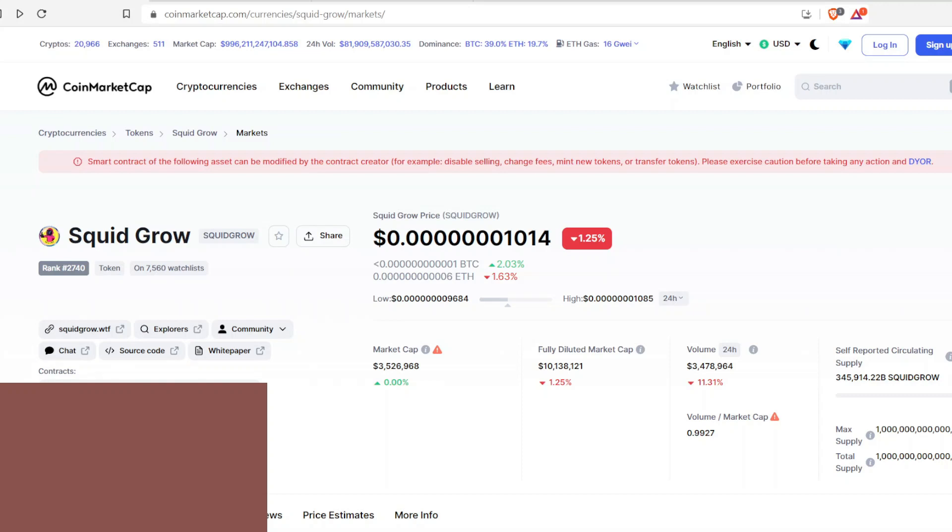What's up YouTube? As y'all know, Squid Grow is one of my favorite tokens to follow. But the thing is, there's barely any news coming out on it. Barely anything. They don't give me nothing. They just don't put out anything.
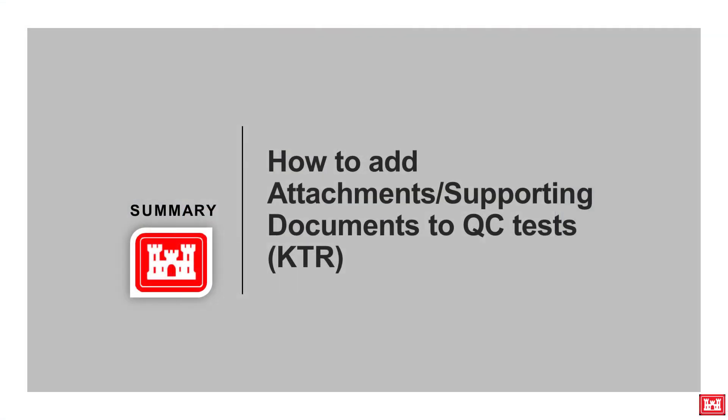In summary, we demonstrated how to add supporting documents and attachments to a QC test. We hope you found this video informative and thank you for watching.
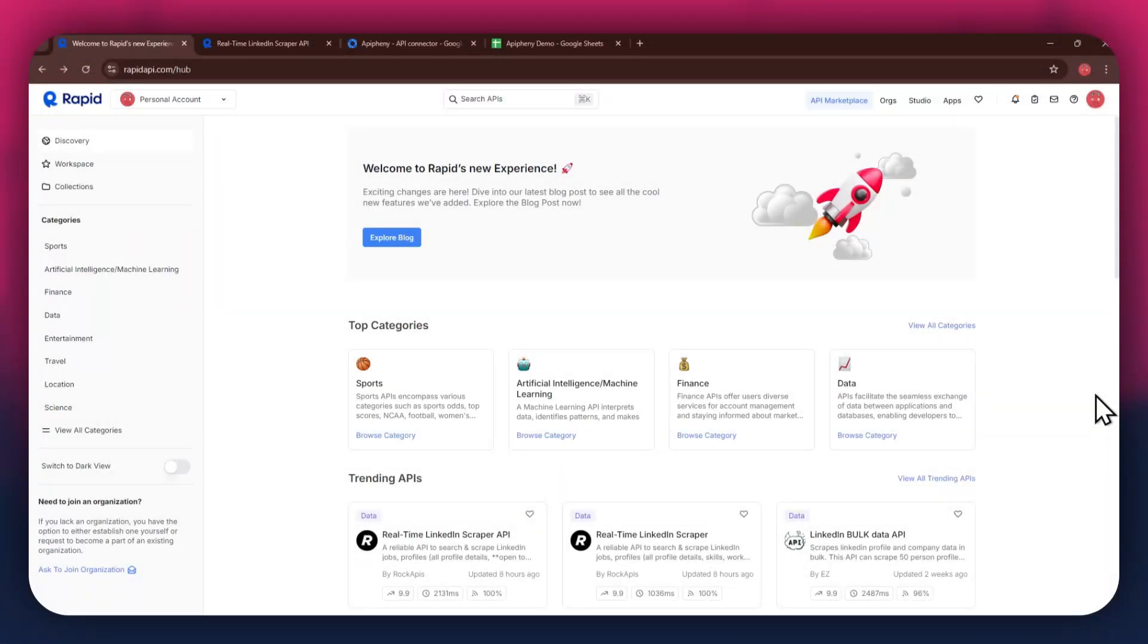Hi there, today I'm going to show you how to get LinkedIn profile data into Google Sheets using a free API.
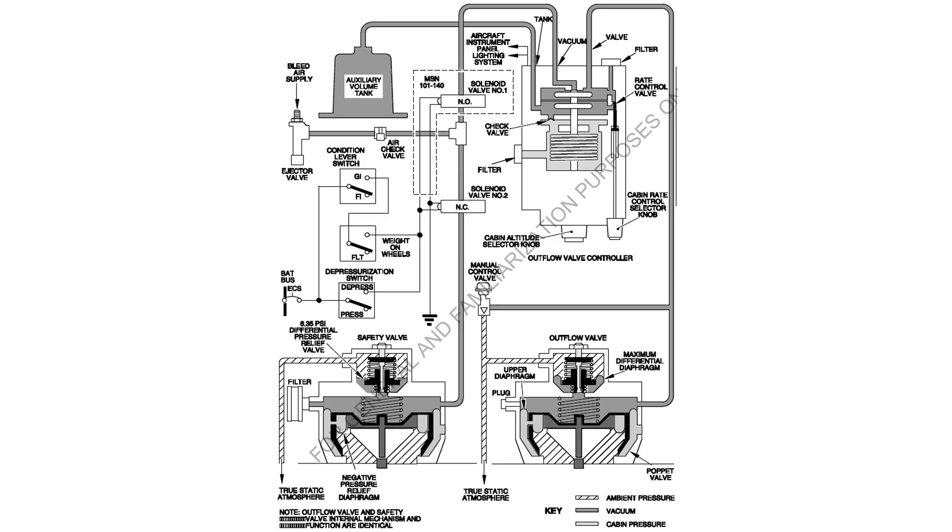The cabin altitude selector knob controls reference pressure applied to the outflow valve control chamber. The CPCS maintains selected cabin altitude up to 10,000 feet at a cruising altitude of 30,000 feet.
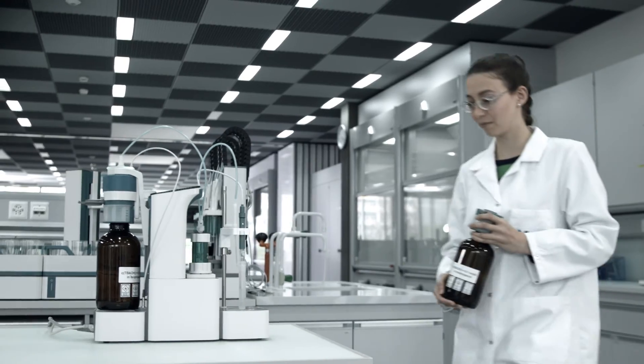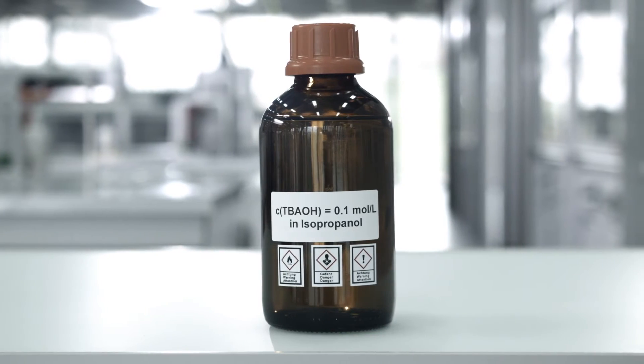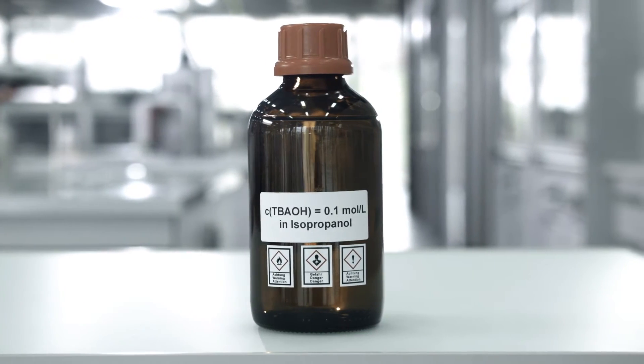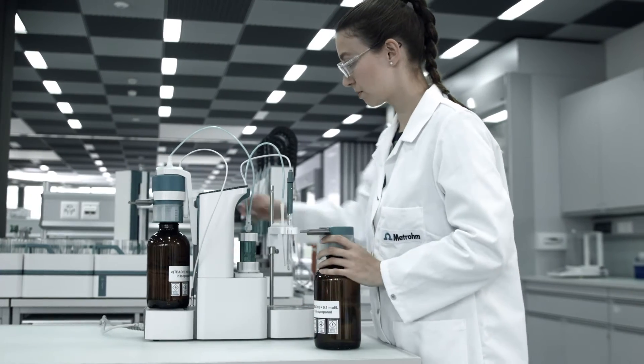Before Omnis, titration sometimes meant exposure to hazardous liquids. Not any longer.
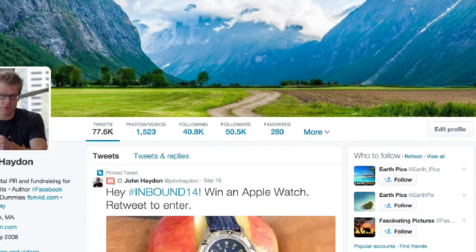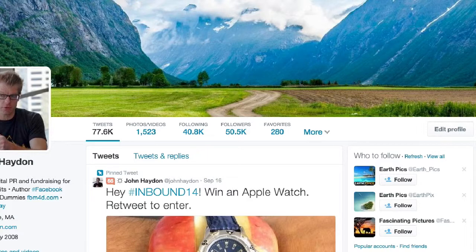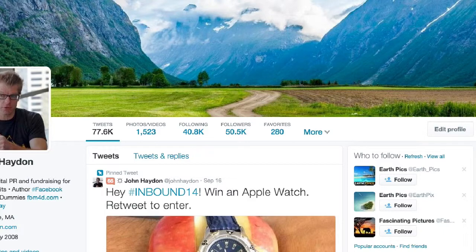And then finally, favorites — you can see people favoriting and also people replying. If you mouse over any of these charts, you can drill into each one and see how many link clicks.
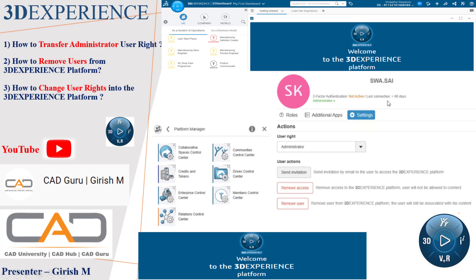Hello everyone, I hope you all are doing well. So here we'll see how to transfer the default administrator role. I'll explain what exactly it is, how to remove users from the 3DEXPERIENCE platform, and then how to change the user rights. These are the three things we're going to see in this session. Let's get started with this.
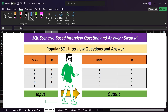Welcome back to the channel. Today we are going to discuss a popular SQL scenario-based interview question. The name of the problem is 'Swap ID'. In this problem we have been given two columns — name and ID — and in the output we also have name and ID. Let's compare the values in both columns.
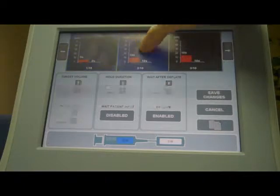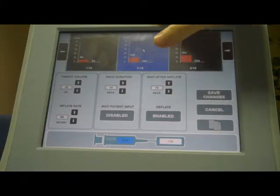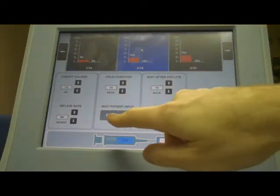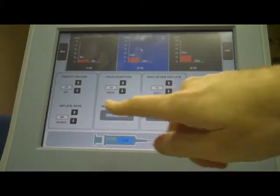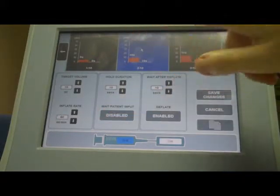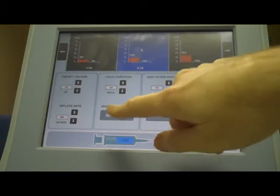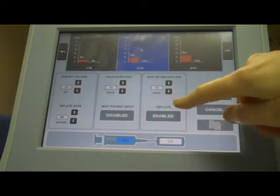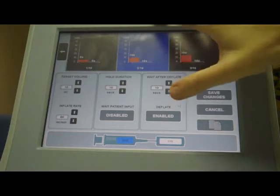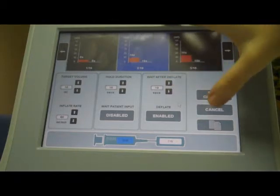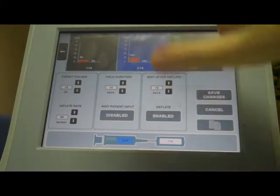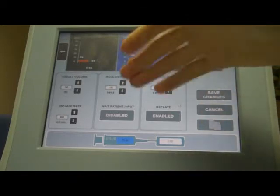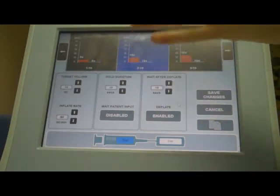To configure more steps, you press each step and configure them accordingly. Note that waiting for patient input and deflating is a global change — so if you make a change in any step for enabling or disabling either wait for patient input or deflate, every single step will either inflate and stop or inflate and wait for patient input.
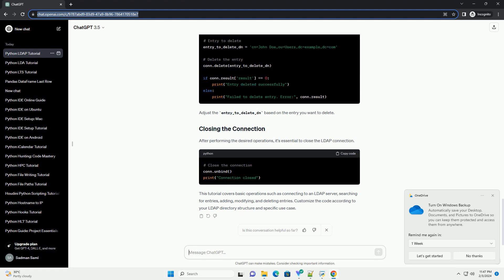After performing the desired operations, it's essential to close the LDAP connection. This tutorial covers basic operations such as connecting to an LDAP server,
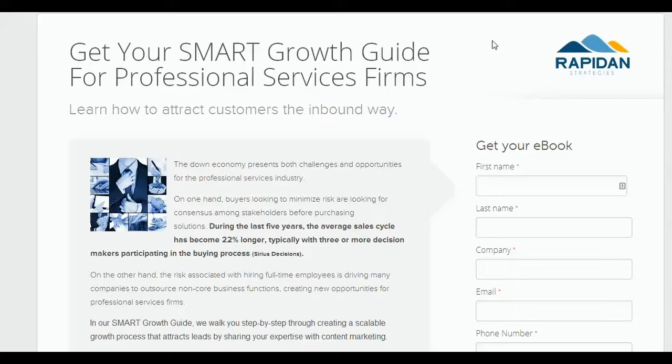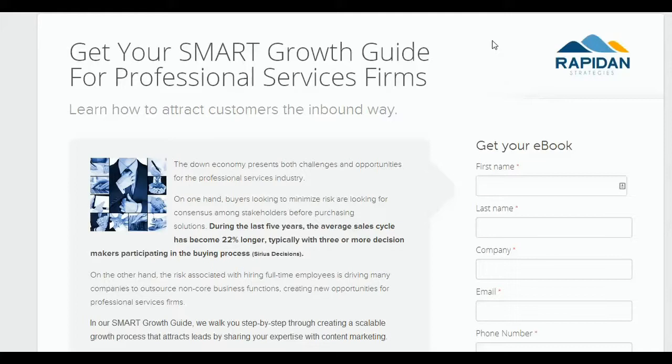Marketing automation. This is one of my landing pages for an ebook that I have for professional services firms. Professional services firms are really important to me because it's an industry that I target. Prior to starting this company, I spent 25 years as a management consultant, and I can really help these companies do inbound marketing because of my knowledge of their industry. So it's important to me to get leads that are from the professional services industry.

——

Starting at the line above that contains "Hi there, today", transcribe every line exactly through the line that contains "And then finally, favorites", including that last one, and skip the pictures.

*REPLY*.
Hi there, today I'm going to show you how to get LinkedIn profile data into Google Sheets using a free API.
The cabin altitude selector knob controls reference pressure applied to the outflow valve control chamber. The CPCS maintains selected cabin altitude up to 10,000 feet at a cruising altitude of 30,000 feet.
Before Omnis, titration sometimes meant exposure to hazardous liquids. Not any longer.
And then finally, favorites — you can see people favoriting and also people replying. If you mouse over any of these charts, you can drill into each one and see how many link clicks.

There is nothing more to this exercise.